A letter in the latest issue of Nature Geoscience (Cvijanovic, I. et al. 2020. One hundred years of Milanković cycles, v. Nature Geoscience , v.13p. 524–525; DOI: 10.1038/s41561-020-0621-2) reveals the background to Milutin Milanković’s celebrated work on the astronomical  driver of climate cyclicity. Although a citizen of Serbia, he had been born at Dalj, a Serbian enclave, in what was Austro-Hungary. Just before the outbreak of World War I in 2014, he returned to his native village to honeymoon with his new bride. The assassination (29 June 2014) in Sarajevo of Archduke Franz Ferdinand by Bosnian-Serb nationalist Gavrilo Princip prompted Austro-Hungarian authorities to imprison Serbian nationals. Milanković was interned in a PoW camp. Fortunately, his wife and and a former Hungarian colleague managed to negotiate his release, on condition that he served his captivity, with a right to work but under police surveillance, in Budapest. It was under these testing conditions that he wrote his seminal Mathematical Theory of Heat Phenomena Produced by Solar Radiation; finished in 1917 but remaining unpublished until 1920 because of a shortage of paper during the war.

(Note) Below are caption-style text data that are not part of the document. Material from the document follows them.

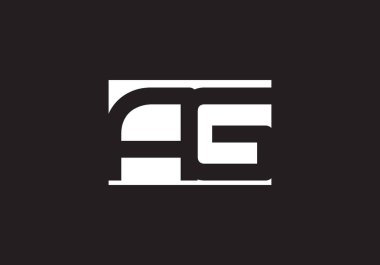 AG Harfi logosu. AG Letter logo tasarım şablonu. Bu logo simgesi yaratıcı bir şekilde soyut şekilli anonim şirket.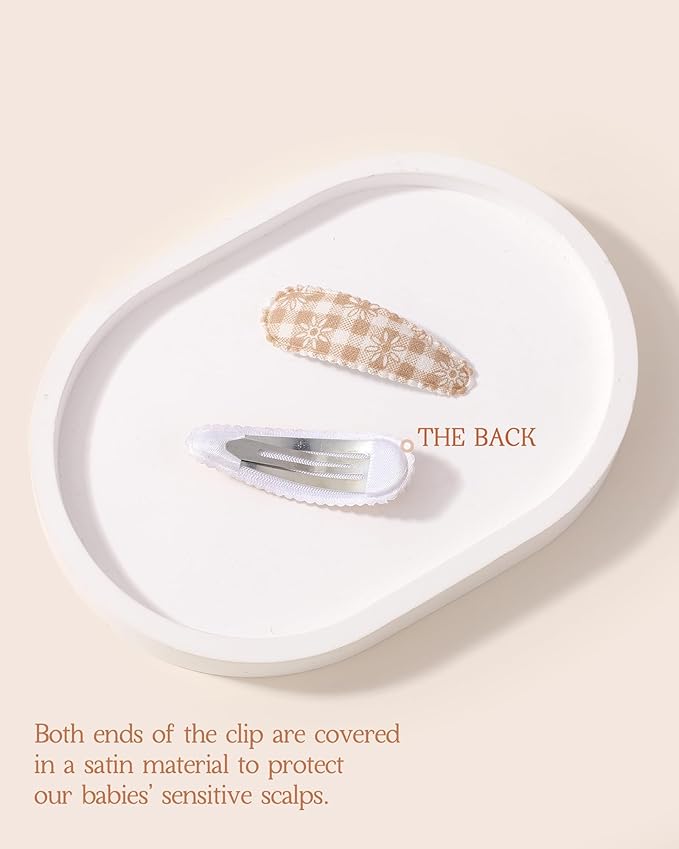 doboi 40Pcs Toddler Hair Clips Baby Girl Hair Bows Clips Floral Print Non Slip Wrapped Snap Hairpins Flower Clips for Hair Barrettes Hair Accessories for Baby Toddler Girls Kids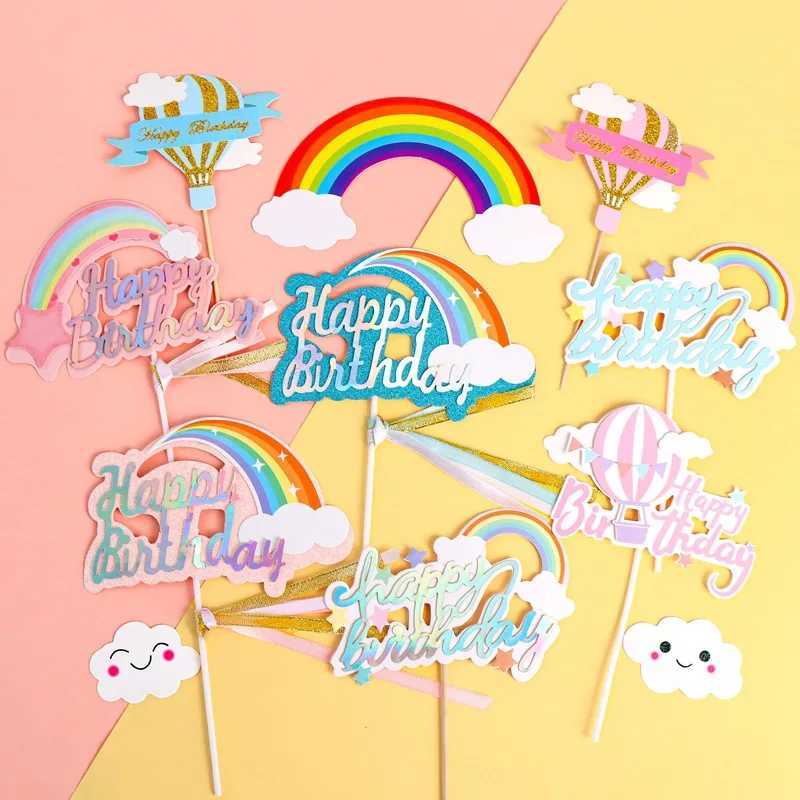 Candles Happy Birthday Cake Paper Card Insert Cloud Sun Cartoon Childrens Happy Birthday Letter Party Cake Decoration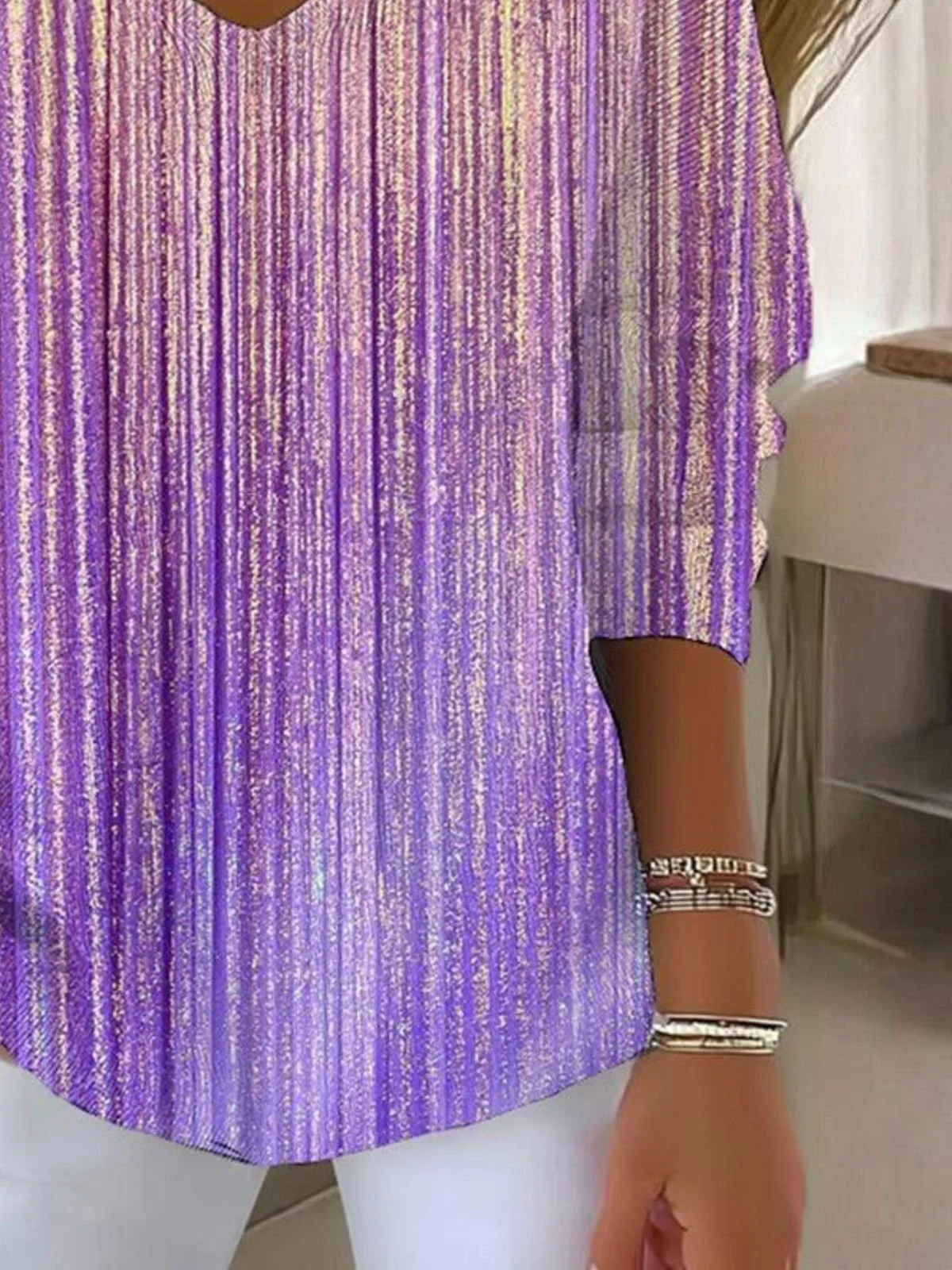 Women Cotton Striped Long Sleeve Comfy Casual Sweater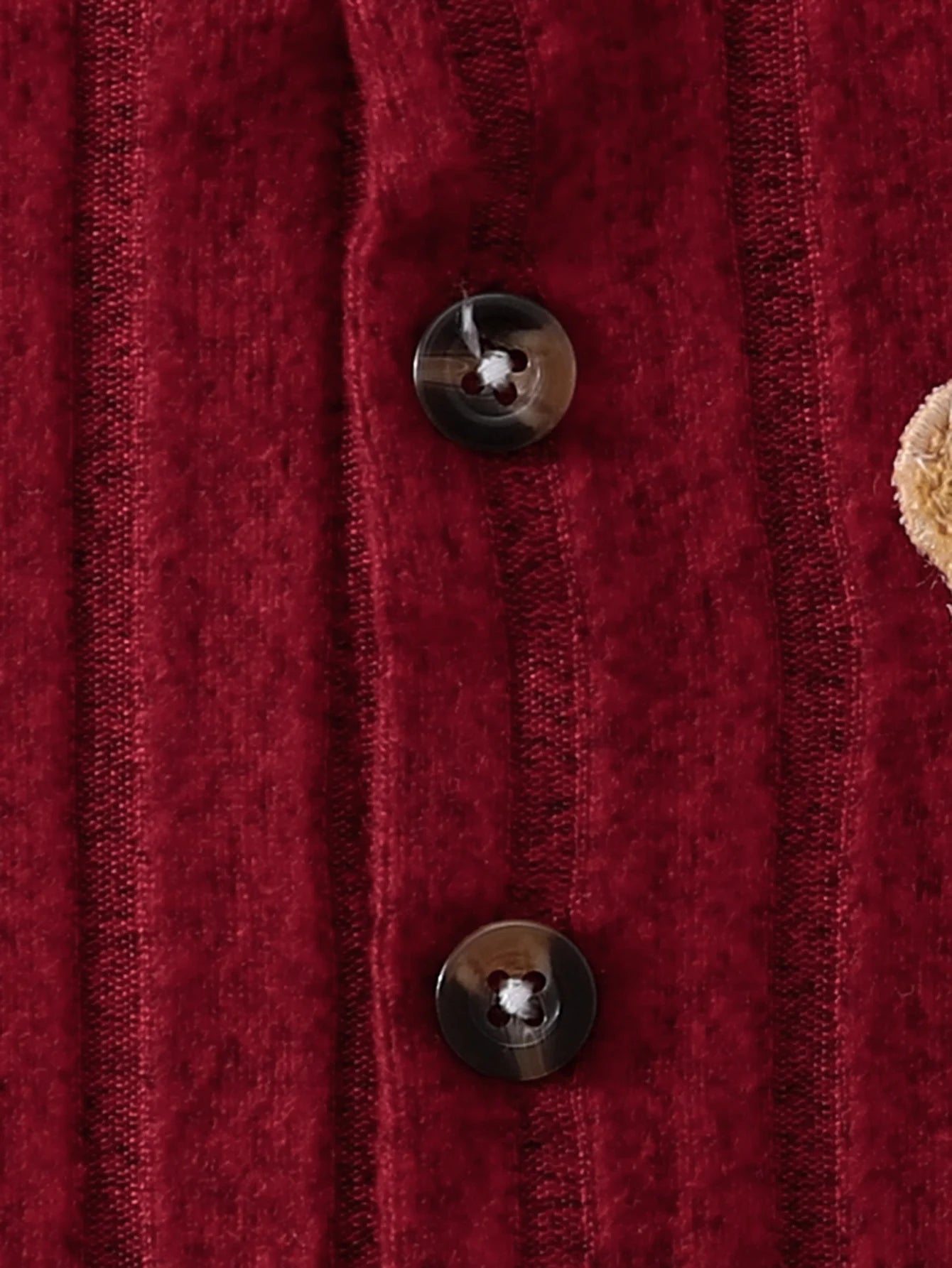 【Baby Boy】Autumn & Winter Red Onesie with Front Single-Breasted Buttons and Cute Bear Badge on Chest + Red Hat SetFeaturing a wa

Curiously, Milanković was a graduate in civil engineering — parallels here with Alfred Wegener of Pangaea fame, who was a meteorologist — and practised in Austria. Appointed to a professorship in Belgrade in 1909, he had to choose a field of research. To insulate himself from the rampant scientific competitiveness of that era, he chose a blend of mathematics and astronomy to address climate change. During his period as a political prisoner Milanković became the first to explain how the full set of cyclic variations in Earth’s orbit — eccentricity, obliquity and precession — caused distinct variations in incoming solar radiation at different latitudes and changed on multi-thousand-year timescales. The gist  of what might have lain behind the cyclicity of ice ages had first been proposed by Scottish scientist James Croll almost half a century earlier, but it was Milutin Milanković who, as it were, put the icing on the cake. What is properly known as the Milanković-Croll Theory triumphed in the late 1970s as the equivalent of plate tectonics in palaeoclimatology after Nicholas Shackleton and colleagues teased out the predicted astronomical signals from time series of oxygen isotope variations in marine-sediment cores.

Appropriately, while Milanković’s revoluitionary ideas lacked corroborating geological evidence, one of the first to spring to his support was that other resilient scientific ‘prophet’, Alfred Wegener. Neither of them lived to witness their vindication.